Starting a education group for HP server customers was a bold move. We interviewed him as one of the last 3000 experts to sit for a Q&A before HP's November 2001 exit announcement. August 2001's HP World was the last show to offer any HP hope for the server. Without OpenMPE and its work to capture that source code, however, to independent support companies such as Pivital Solutions, the trade secrets of MPE/iX would be lost. Instead that source acts as workaround and custom patch bedrock to help homesteaders.

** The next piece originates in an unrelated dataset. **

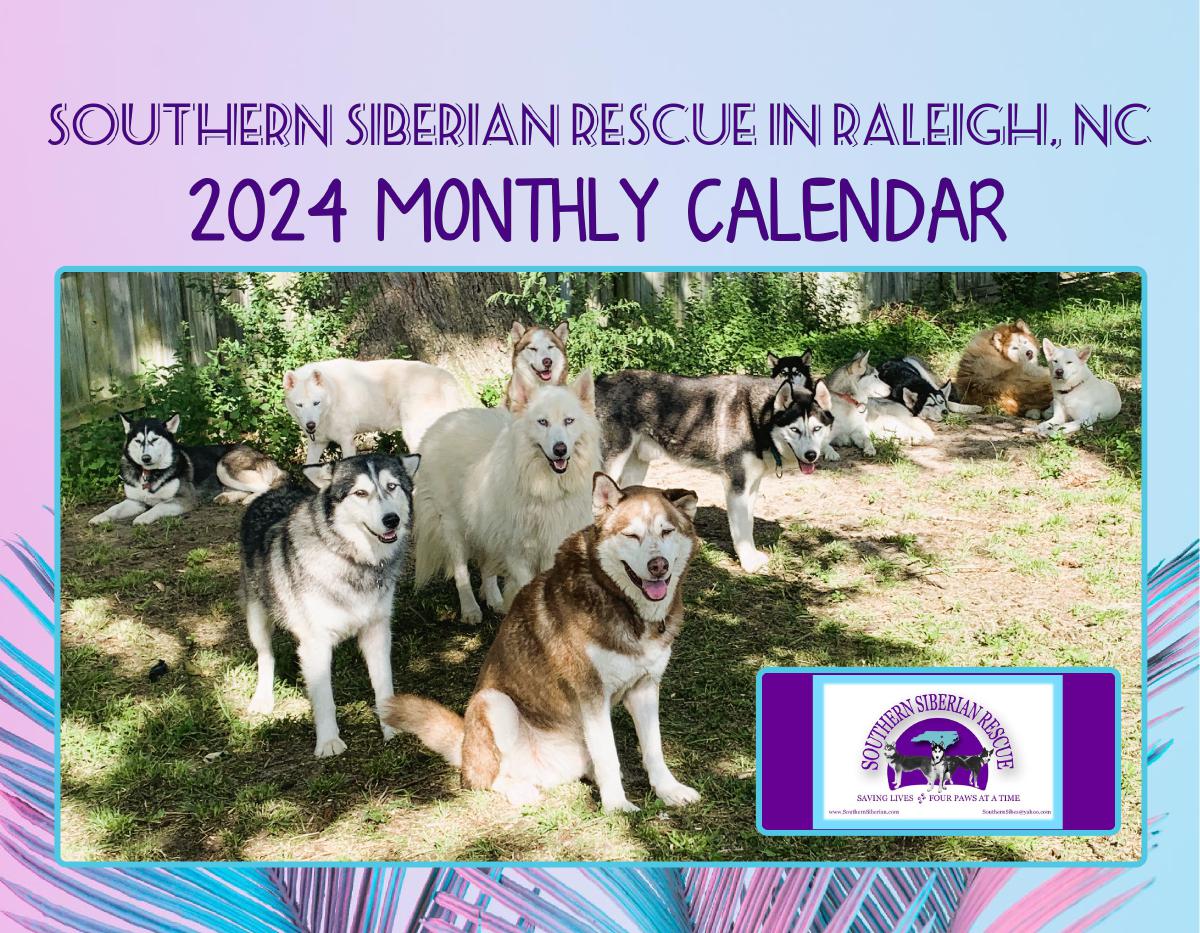2024 Southern Siberian Rescue Calendar | Create Photo Calendars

Source for MPE/iX was not the initial goal Backus proposed for OpenMPE, though. The whole of the 3000 business would pass to a third party in his opening gambit. HP took months to even respond to that, saying the computer's infrastructure was decaying. Tech University was already addressing the brain drain before OpenMPE was born."You gradually have a mind-drain of how to use the operating system to the fullest, how to use the third-party utilities to their fullest," he said at HP World 2001. "You end up stuck in a legacy mind-set. Just because the 3000 was created 30 years ago, doesn’t mean it’s frozen in time. It’s evolved. The paradigm shift is that your knowledge of the platform needs to evolve right along with the platform.
"People bash HP for not offering more training. But until you push the boundaries of what your 3000 can do, you don’t have any right to pick on HP for not doing more."
One of the 3000's best HP friends at the time was Jeff Vance, who subsequently spoke for the vendor's intentions from a division-level viewpoint. OpenMPE's ideal of getting the 3000 to a new home outside HP would test the strength of a community that had just been cut off from the vendor.
“We could see if the ecosystem is still deteriorating at the rate we’ve determined, or if customers are willing to accept, say, IMAGE support from a third party,” he said. “That would be my guess at how we’ll get out — and that may lead later on to true open source.”
Vance said that HP didn't have plans to keep its MPE enhancements engineering team together beyond October 2003. As it turned out the team put a few enhancements into the community beyond that date, including an SCSI pass-thru module and a means to connect larger disk storage devices to MPE. Vance said HP resources would be vital to making any new entity successful in extending MPE’s life.
“It has to come soon,” Vance said of HP’s decision on how to help OpenMPE. “We have to make a pretty important decision, and we have to do it quickly. The longer we delay, the more the infrastructure decays.”
This isn't a story with the happy ending Backus and the advocates dreamed about in 2002. But seven companies got limited source code licenses just as HP closed down all of its MPE operations — more than eight years later. If you do business with one of the support companies with a license, that source is there to help solve a problem if needed.